DATA FOR THIS TASK: Begin
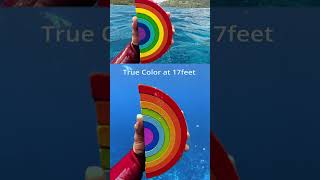 Underwater color test at 40ft12m 🎨 DJI Osmo Action 5 Pro 🎬 roamtobewild7801 [upl. by Arykat920]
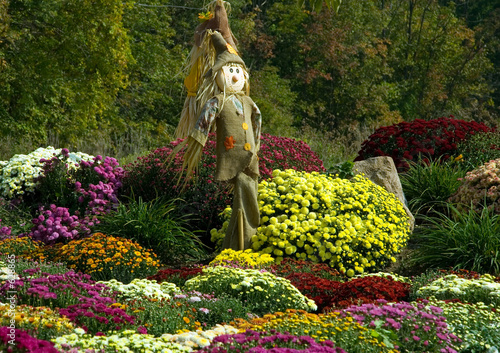 scarecrow and mums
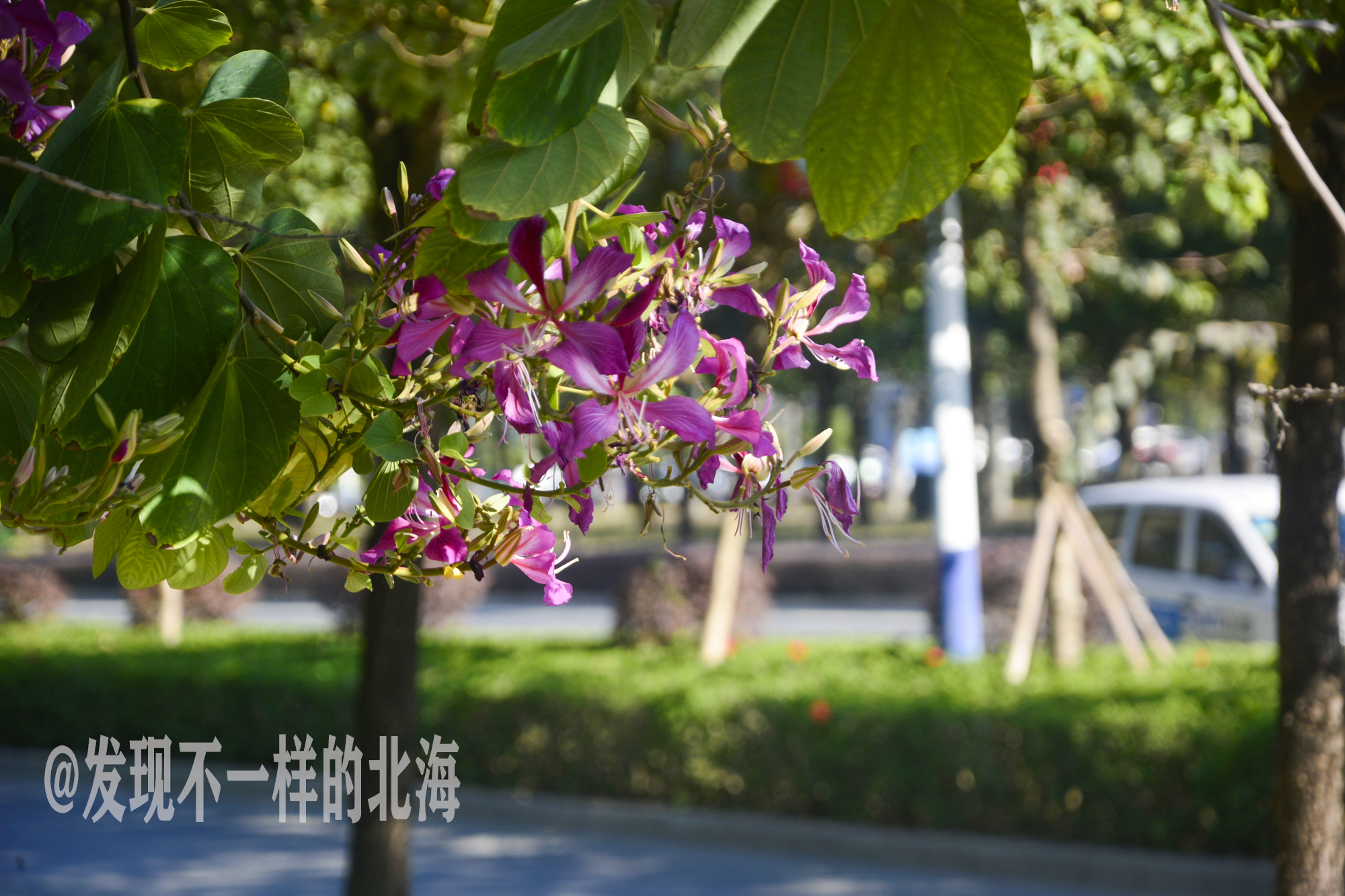 大美北海，冬暖花也开，实在是美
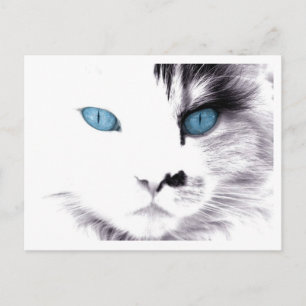 Cat Ögon vykort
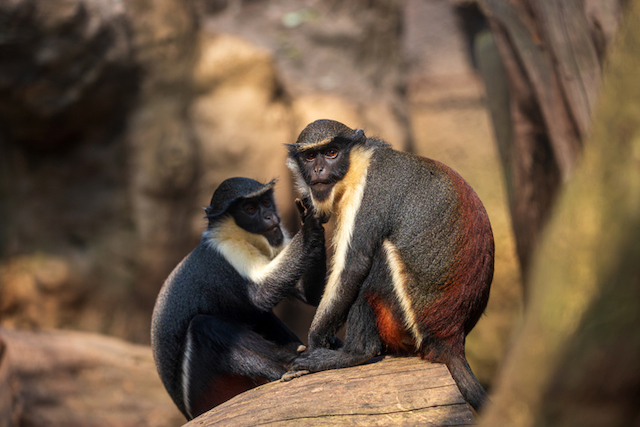 Deux cercopith&egrave;ques de Roloway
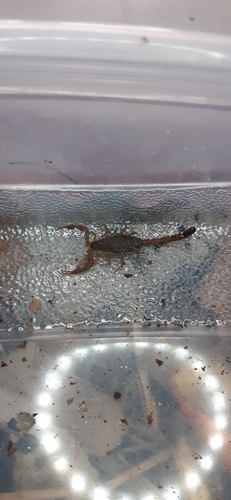Centruroides yucatanensis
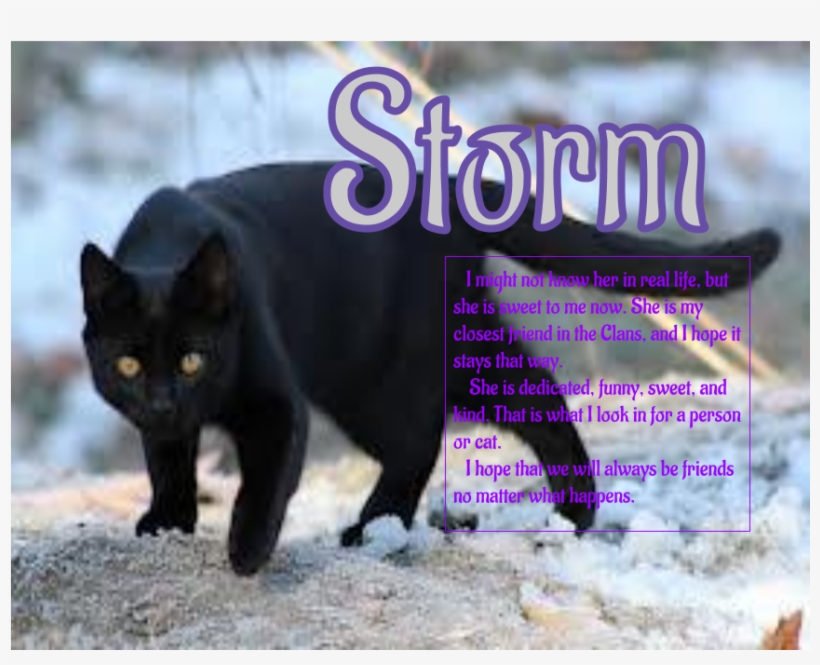 Untitled Drawing - Black Cat With Amber Eyes, transparent png #1718138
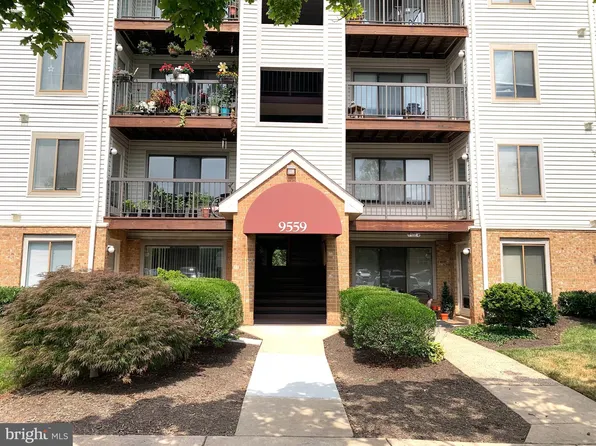 9559 Coggs Bill Dr APT 202, Manassas, VA 20110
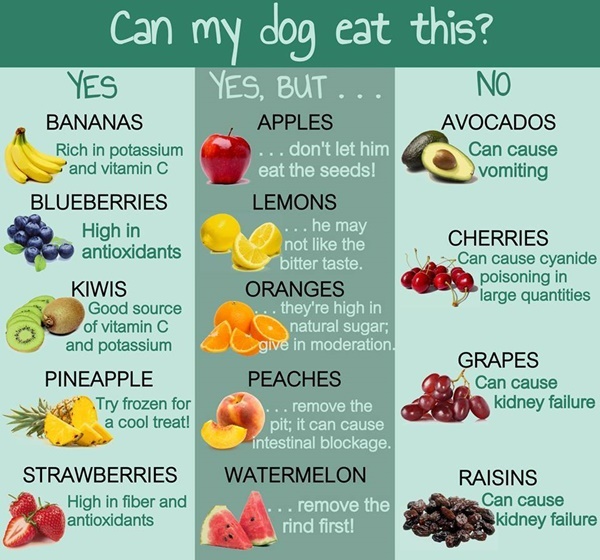 Fruits Your Dog Can Eat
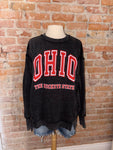 Ohio The Buckeye State Washed Pullover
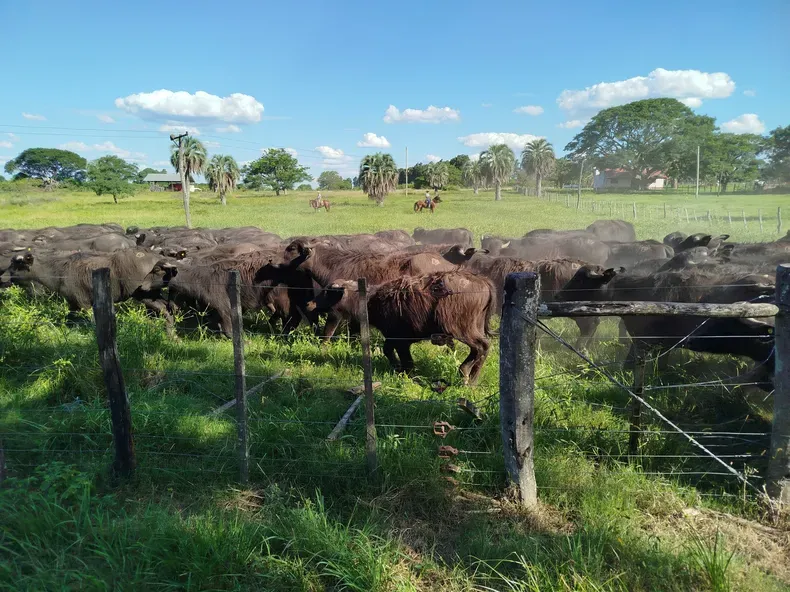 “Nos matan las vacas y cruzan la carne al Brasil”: productores denuncian abigeato en la costa del río Uruguay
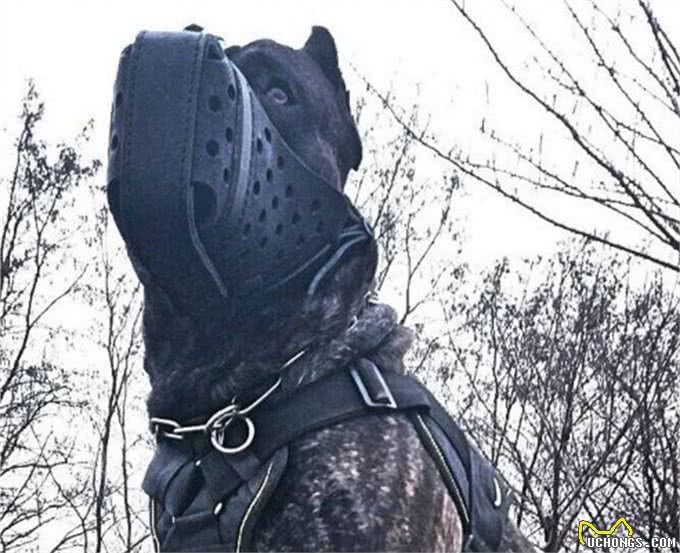 轻松完爆狼族的4种猛犬，一种混入黑豹基因，至今未被归入犬科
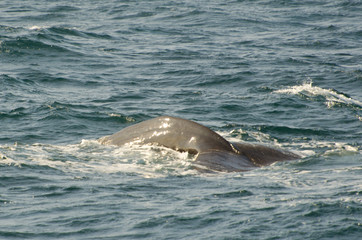 Fototapeta premium Sperm whale (Physeter macrocephalus) diving (Andenes, Norway)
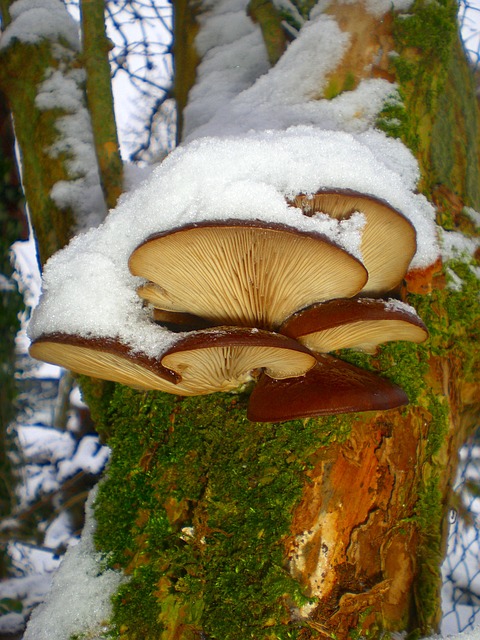 Free Mushrooms Tree Fungi photo and picture
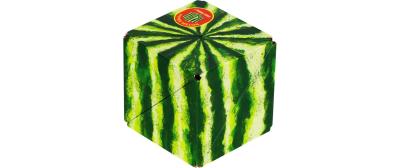 Shashibo Cube Hyper Melon Omega Mart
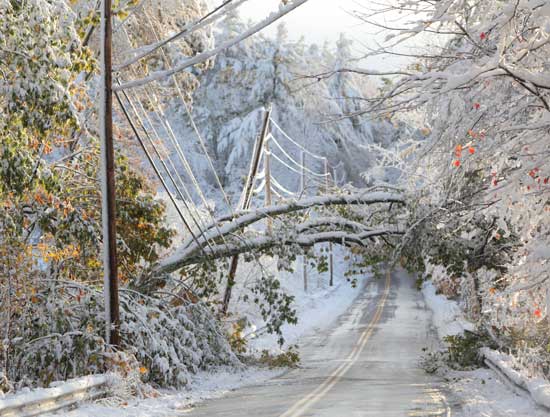A tree stretches the power lines on Still River Road. A tree stretches the power lines on Still River Road.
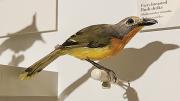 A fiery-breasted bush-shrike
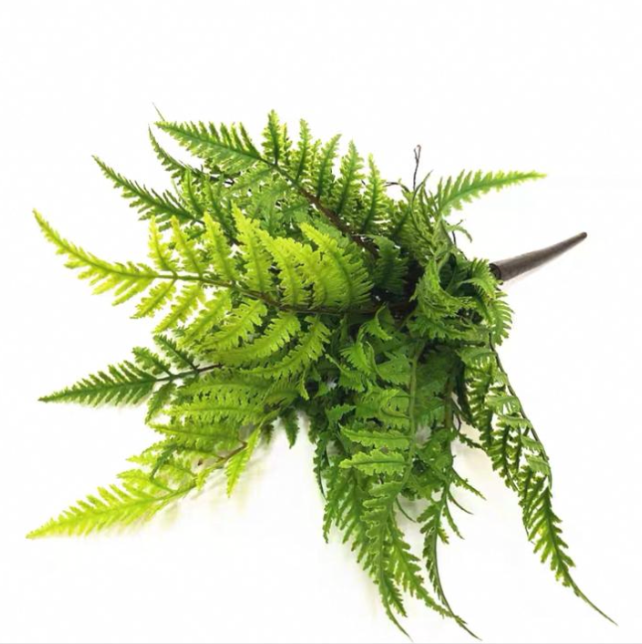 Artificial Fern Plant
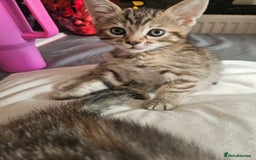 Mixed Breed cats for sale: Bengal cross kittens. 4 left!!! - Image 19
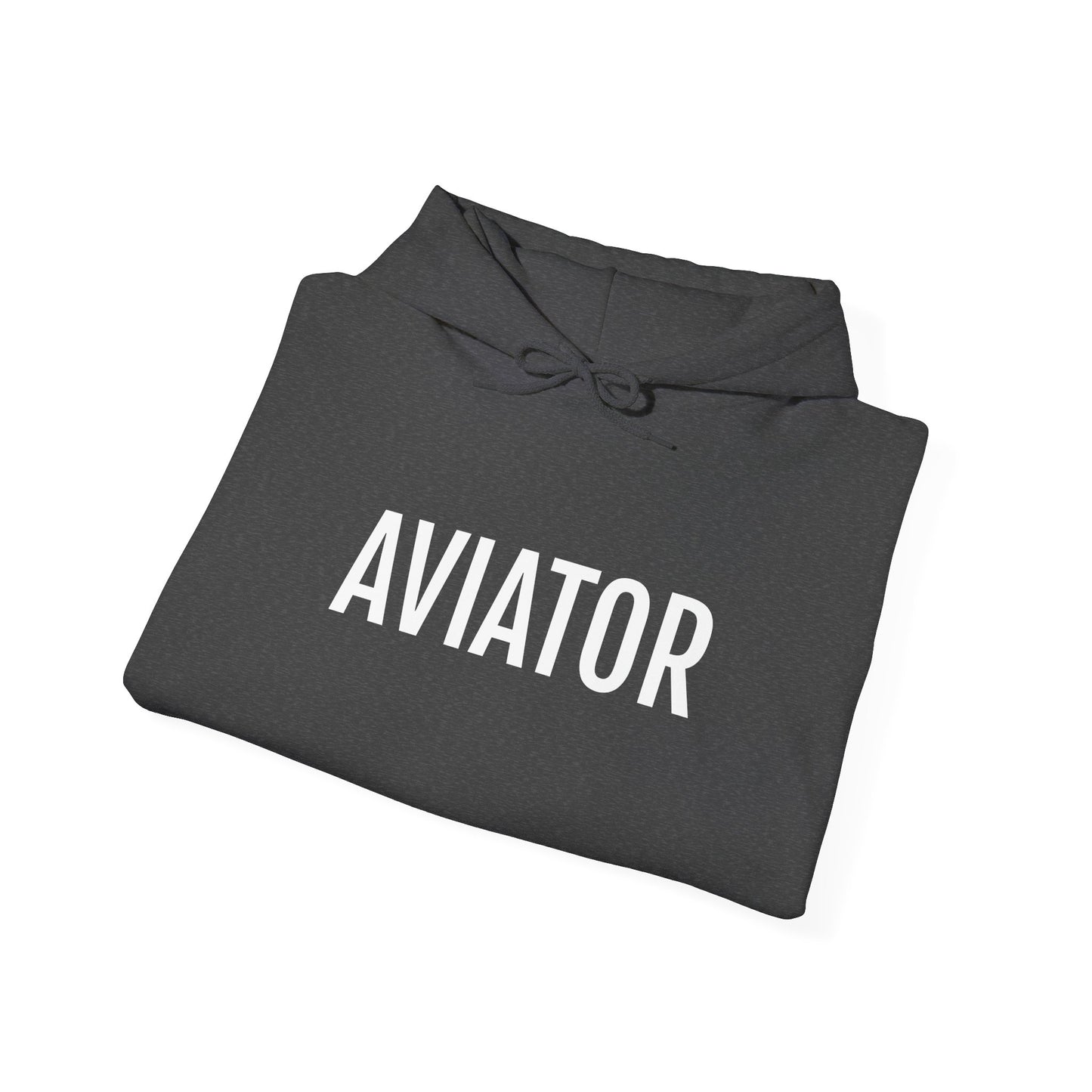 Unisex Heavy Blend™ Hooded Sweatshirt - AVIATOR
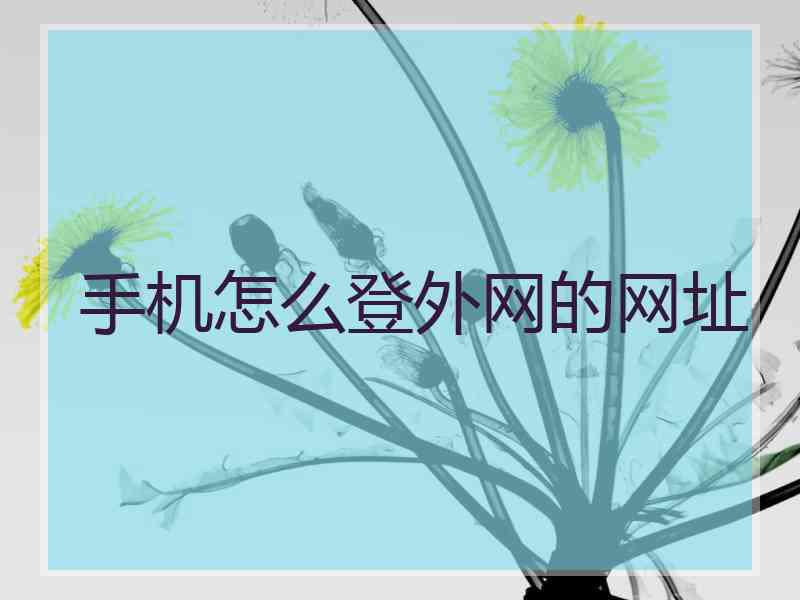 手机怎么登外网的网址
DATA FOR THIS TASK: End
### WHAT IS BEING ASKED
Quote the lines above exactly, starting with the one that has "A tree stretches the power lines on Still River Road. A" and ending with the one that has "Unisex Heavy Blend™"; drop the pictures and include nothing else.

### OUTPUT OF THE TASK
A tree stretches the power lines on Still River Road. A tree stretches the power lines on Still River Road.
 A fiery-breasted bush-shrike
 Artificial Fern Plant
 Mixed Breed cats for sale: Bengal cross kittens. 4 left!!! - Image 19
 Unisex Heavy Blend™ Hooded Sweatshirt - AVIATOR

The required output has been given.